» **Exercise**
From the line below that contains "The kind of" to the line that contains "Hello, everyone. Welcome", repeat every line exactly, both ends included, and nothing else.

_ _ _ _ _ _ _

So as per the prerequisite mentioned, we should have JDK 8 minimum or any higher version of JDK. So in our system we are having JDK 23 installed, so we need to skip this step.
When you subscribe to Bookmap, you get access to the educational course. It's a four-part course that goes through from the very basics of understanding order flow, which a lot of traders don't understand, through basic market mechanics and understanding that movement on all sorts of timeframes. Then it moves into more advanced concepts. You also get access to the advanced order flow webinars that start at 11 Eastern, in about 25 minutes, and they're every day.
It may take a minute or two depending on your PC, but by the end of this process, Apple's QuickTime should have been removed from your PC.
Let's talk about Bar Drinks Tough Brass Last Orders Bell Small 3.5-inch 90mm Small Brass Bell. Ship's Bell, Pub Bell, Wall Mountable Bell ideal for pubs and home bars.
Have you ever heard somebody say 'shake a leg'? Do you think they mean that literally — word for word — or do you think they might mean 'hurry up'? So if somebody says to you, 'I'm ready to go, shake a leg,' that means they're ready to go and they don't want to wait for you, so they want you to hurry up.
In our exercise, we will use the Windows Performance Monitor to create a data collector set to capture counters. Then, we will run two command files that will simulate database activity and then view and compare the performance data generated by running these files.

_ _ _ _ _ _ _

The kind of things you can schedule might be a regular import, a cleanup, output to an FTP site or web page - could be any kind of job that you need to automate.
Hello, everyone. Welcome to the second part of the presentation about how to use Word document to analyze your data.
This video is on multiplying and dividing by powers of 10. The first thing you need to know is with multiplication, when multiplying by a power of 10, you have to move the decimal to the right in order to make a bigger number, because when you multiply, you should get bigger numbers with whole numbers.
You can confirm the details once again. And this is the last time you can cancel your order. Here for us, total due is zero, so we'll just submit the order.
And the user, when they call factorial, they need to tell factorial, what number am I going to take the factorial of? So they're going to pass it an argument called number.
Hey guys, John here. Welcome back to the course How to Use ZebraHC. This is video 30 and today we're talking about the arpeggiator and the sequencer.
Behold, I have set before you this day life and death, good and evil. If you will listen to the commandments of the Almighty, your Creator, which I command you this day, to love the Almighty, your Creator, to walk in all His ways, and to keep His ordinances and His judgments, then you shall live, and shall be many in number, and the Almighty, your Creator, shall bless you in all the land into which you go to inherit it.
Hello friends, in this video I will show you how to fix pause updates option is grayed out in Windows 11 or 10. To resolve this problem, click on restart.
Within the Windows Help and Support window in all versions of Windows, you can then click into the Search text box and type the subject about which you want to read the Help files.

_ _ _ _ _ _ _

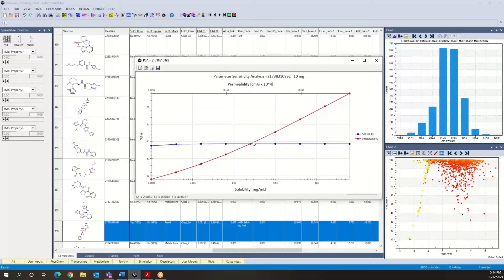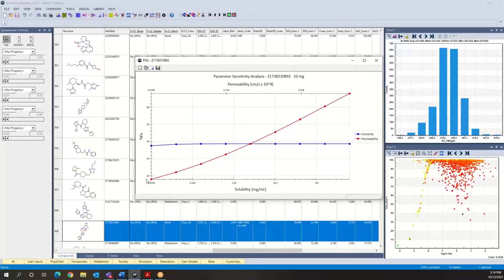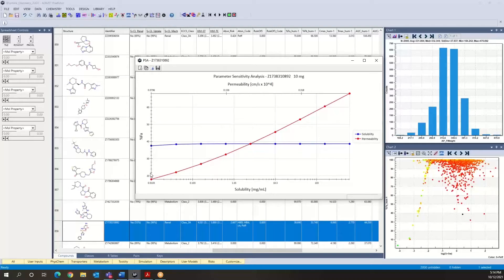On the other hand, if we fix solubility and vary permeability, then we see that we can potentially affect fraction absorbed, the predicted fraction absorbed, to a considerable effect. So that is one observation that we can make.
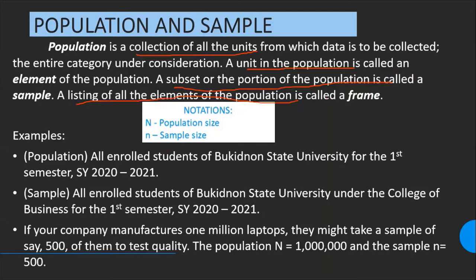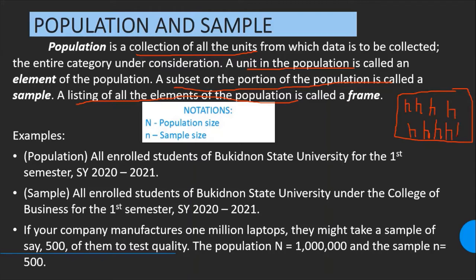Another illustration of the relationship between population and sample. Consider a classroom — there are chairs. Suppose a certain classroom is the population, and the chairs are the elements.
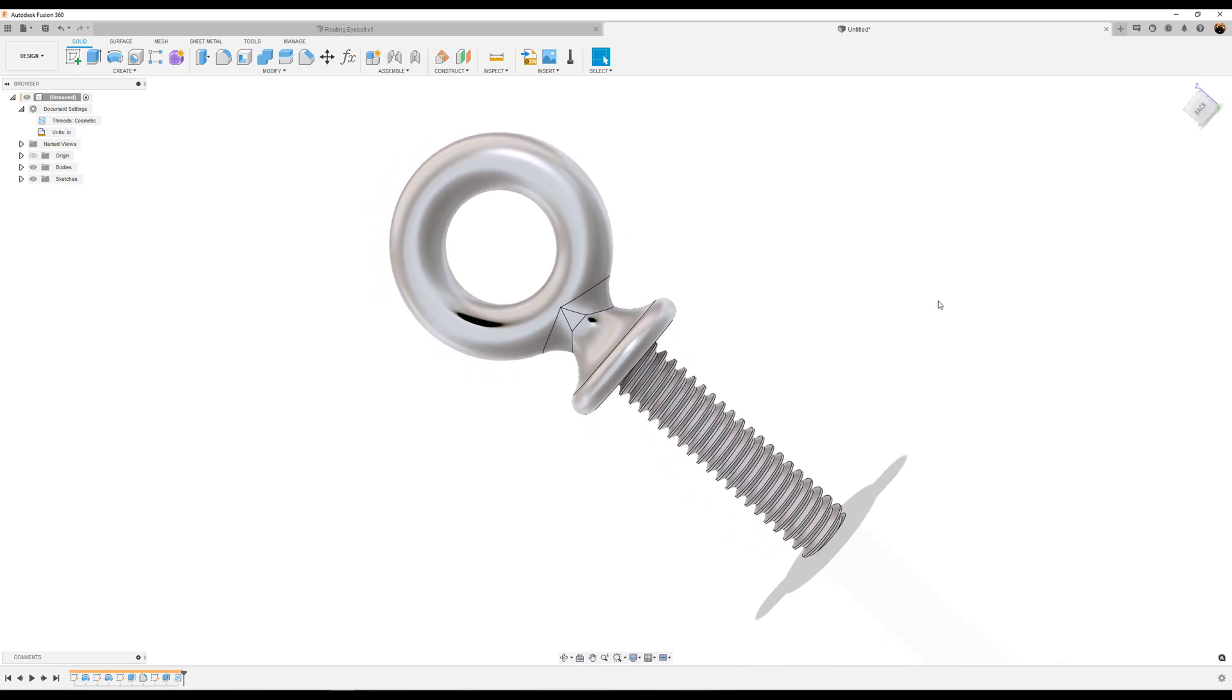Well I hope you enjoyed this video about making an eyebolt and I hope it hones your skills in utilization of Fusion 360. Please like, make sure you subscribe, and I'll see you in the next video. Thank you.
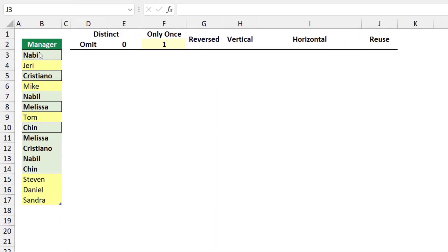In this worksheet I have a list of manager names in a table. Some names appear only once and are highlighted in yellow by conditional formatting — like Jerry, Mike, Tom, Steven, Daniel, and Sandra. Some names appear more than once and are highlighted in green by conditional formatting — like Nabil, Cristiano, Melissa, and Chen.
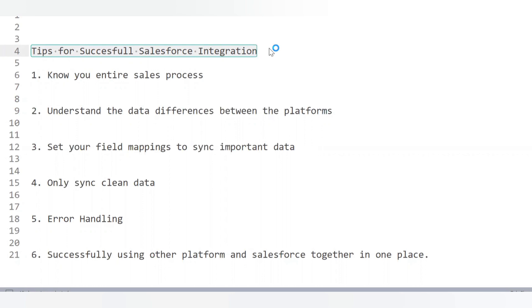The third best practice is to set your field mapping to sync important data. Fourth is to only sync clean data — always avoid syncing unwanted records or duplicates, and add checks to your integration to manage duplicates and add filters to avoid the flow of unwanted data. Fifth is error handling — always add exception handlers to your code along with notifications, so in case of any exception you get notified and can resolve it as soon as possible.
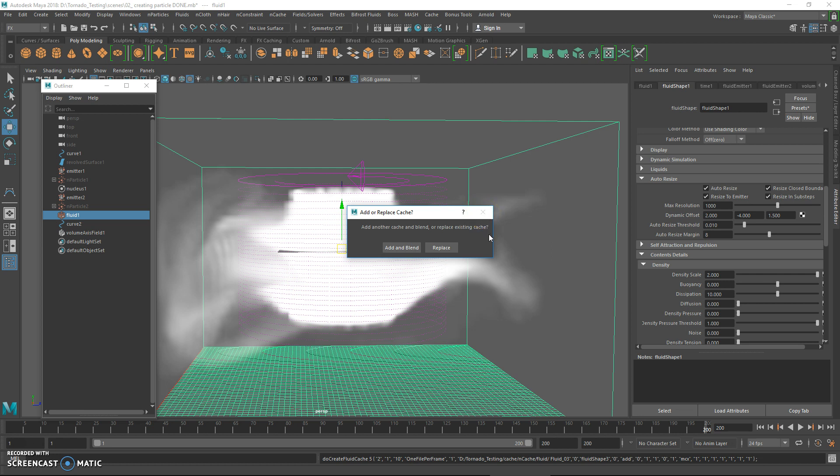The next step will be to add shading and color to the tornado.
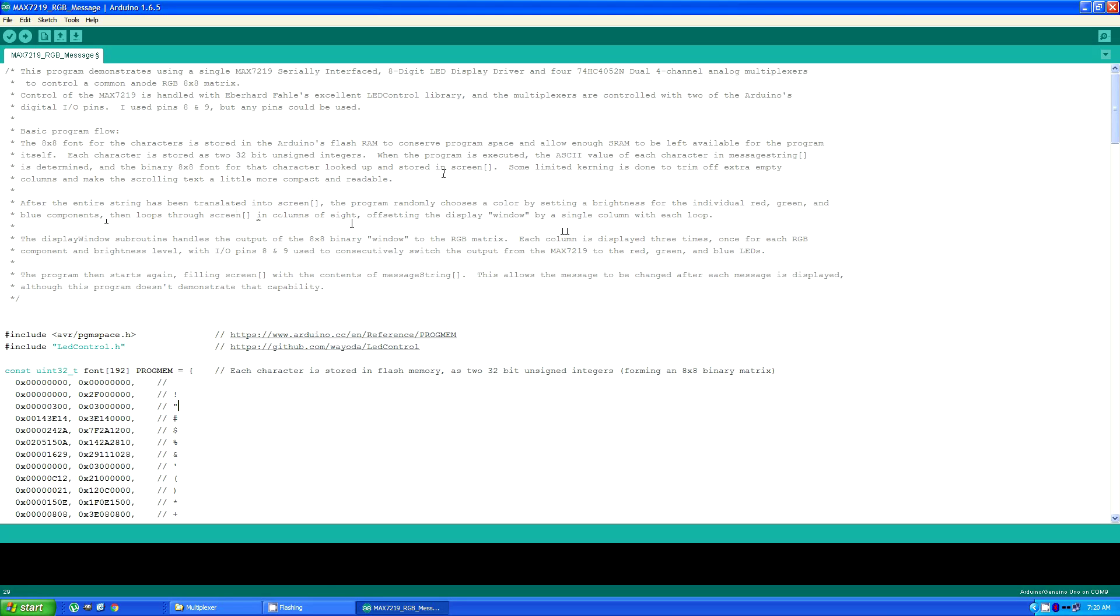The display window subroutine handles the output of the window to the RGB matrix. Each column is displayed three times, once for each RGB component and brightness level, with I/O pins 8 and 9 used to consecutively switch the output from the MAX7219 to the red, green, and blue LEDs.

_ _ _ _ _ _ _

» **Written solution**
The kind of things you can schedule might be a regular import, a cleanup, output to an FTP site or web page - could be any kind of job that you need to automate.
Hello, everyone. Welcome to the second part of the presentation about how to use Word document to analyze your data.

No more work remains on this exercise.